_AIM OF THE EXERCISE_
In exact form, please repeat the records from their opening line down to the line with "lot 50M image: Brand", including that line.
---*---
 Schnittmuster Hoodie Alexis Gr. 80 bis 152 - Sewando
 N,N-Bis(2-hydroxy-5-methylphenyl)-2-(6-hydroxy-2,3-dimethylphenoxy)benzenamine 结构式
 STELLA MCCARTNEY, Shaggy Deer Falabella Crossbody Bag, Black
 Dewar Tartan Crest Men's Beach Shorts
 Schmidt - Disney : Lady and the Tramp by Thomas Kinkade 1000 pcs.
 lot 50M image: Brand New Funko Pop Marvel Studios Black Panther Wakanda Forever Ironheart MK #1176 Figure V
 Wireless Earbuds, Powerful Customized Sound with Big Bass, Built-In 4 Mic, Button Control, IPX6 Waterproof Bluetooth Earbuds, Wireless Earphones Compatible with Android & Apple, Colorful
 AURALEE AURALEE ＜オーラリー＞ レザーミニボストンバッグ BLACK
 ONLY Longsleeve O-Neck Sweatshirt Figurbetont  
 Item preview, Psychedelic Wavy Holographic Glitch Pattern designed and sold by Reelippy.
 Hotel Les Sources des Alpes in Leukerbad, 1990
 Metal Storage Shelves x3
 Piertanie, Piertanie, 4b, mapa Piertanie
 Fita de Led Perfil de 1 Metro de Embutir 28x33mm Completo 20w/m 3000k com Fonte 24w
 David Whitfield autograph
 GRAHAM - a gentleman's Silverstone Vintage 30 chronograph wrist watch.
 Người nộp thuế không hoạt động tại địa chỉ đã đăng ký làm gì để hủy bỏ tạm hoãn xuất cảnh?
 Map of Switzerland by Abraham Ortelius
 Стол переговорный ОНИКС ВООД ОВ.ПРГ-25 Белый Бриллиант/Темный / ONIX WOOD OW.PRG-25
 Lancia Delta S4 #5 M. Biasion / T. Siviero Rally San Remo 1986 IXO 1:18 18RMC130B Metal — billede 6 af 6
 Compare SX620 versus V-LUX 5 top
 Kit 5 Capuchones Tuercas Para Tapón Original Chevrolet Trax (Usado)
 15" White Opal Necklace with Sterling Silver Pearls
---*---
_RESULT OF THE TASK_
 Schnittmuster Hoodie Alexis Gr. 80 bis 152 - Sewando
 N,N-Bis(2-hydroxy-5-methylphenyl)-2-(6-hydroxy-2,3-dimethylphenoxy)benzenamine 结构式
 STELLA MCCARTNEY, Shaggy Deer Falabella Crossbody Bag, Black
 Dewar Tartan Crest Men's Beach Shorts
 Schmidt - Disney : Lady and the Tramp by Thomas Kinkade 1000 pcs.
 lot 50M image: Brand New Funko Pop Marvel Studios Black Panther Wakanda Forever Ironheart MK #1176 Figure V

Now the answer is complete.